The EAC told us about a lot of really cool projects they have been running in their school working towards this new commandment of our times; although I would rather call it a new co-man-advent of our times (I would use woman in there too but it doesn't fit as well for the pun). Every year the EAC holds what they call the Green Cup Challenge which, if I remember correctly, is a competition between the freshman dorms to be the greenest on campus. The school has also just renovated their football field to irrigate from the bottom up effectively saving them 70% of their previous water use. Wow! And then they are producing their own biodiesel which some of the golf carts were running on as they cruised around campus filming about various other cool aspects of their school such as their research into composting the literal tons of horse manure being produced by their 130 horses. Oh, and did I mention the school has a camping supply storage giving any student access to borrow equipment for weekend adventures into the mountains.

A couple days after our workshop, I returned to Thacher to get a few more photos. On my walk around I ran into two of the students from the EAC who were busy at work painting some signs for the recycle bins they have on campus so that the other students would know what can and cannot go into the bins. It was great to happen upon them doing something connected to what we had just spent the day talking about. Seeing that they were already active and would continue to be active on issues of sustainability regardless of our visit was another glimmer of positive movement into the future.


Los Olivos Elementary

We were hanging with a group of 16 really kind-hearted and friendly 5th graders. They loved the games we played with them and subsequently taught us some of their own.

During every break almost the entire school came out to the field to play what they called "crazy ball" which to me looked like a giant mess of a game of soccer. There were no boundaries, no rules against using hands, and it was boys against girls. Marika and I joined in and I pretended as though I didn't still have a broken toe. 

An entourage of small humans moved quickly to anywhere the ball appeared, kind of like swarm behaviour in birds or fish, but then add the sound of 50 screaming children. Confirmed - crazy ball is crazy.

Our ride to Los Olivos took us through a 3 hour journey of dusty and traffic ridden big ag land. We were a little dirty to say the least, arriving at the school to find out they didn't have a shower.

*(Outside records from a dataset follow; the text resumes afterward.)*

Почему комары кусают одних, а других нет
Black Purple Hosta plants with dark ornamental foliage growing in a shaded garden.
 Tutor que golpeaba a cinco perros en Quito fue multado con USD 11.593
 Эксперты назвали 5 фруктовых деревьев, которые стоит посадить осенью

Since there was no camping in the area, they offered us the library to sleep in and we washed our heads in the sink that night.  Even still, Los Olivos Elementary had us smiling the whole time we were there.

A lot of really cool ideas came out of these kids. How about an evaporation collector? Or a solar concentrator so that more sun is captured by solar panels? Or a wind powered helicopter (that uses its own wind resistance to generate power)? Not sure about the logistics of these ideas but they sure are creative and have me thinking.


The school also had a pretty sweet little garden right in the middle of their campus where they had signs about the importance of even some of the smallest creatures... bugs. And since it was the day before Halloween, we decided to take a group photo showing our most ghastly selves.